While most people know Betty White today as the naive Rose Nylund on The Golden Girls, her choice to play Rose was a direct response to how viewers saw her as sex-positive homemaker Sue Ann Nivens on Mary Tyler Moore, which in turn played on White’s original typecasting as a saccharine TV personality. And a lot of Moore’s own spectacular performance as an icy mother in 1980’s Ordinary People played on the audience’s perception of her from MTM and The Dick Van Dyke Show.

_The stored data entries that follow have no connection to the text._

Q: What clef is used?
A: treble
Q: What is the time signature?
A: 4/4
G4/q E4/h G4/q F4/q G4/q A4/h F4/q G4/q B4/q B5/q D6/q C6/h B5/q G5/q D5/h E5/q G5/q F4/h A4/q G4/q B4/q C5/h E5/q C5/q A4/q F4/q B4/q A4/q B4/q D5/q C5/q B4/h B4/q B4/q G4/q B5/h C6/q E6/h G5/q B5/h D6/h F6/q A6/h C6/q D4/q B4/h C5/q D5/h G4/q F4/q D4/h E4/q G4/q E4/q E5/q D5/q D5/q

Some things certainly have changed (and become dated) since The Mary Tyler Moore Show first aired, from references to inflation, to celebrity crushes on Paul Newman, Robert Redford, and Warren Beatty (all of whom are mentioned at least twice). The way MTM handles the social issues of its day are of its time: Murray’s wife Marie doesn’t want another child, not so much because of any pro-choice sentiment as out of concern for the “population boom,” and so they immediately adopt a Vietnamese refugee. Gay people are treated relatively okay but still as stereotypes, and you can count the number of Black actors featured throughout its run on one hand.

Sexual politics are handled with a laugh, even when the sportscaster is exchanging favors with women for Twins tickets, or several men don’t know the meaning of the word “no” when it comes to a relationship. MTM’s treatment of weight issues are also glaring, as Rhoda is constantly treated as “the fat one” while not being overweight at all. In spite of this, The Mary Tyler Moore Show ages especially well in terms of handling new stages of life, and in the struggles to establish and maintain boundaries between family, friends, and co-workers.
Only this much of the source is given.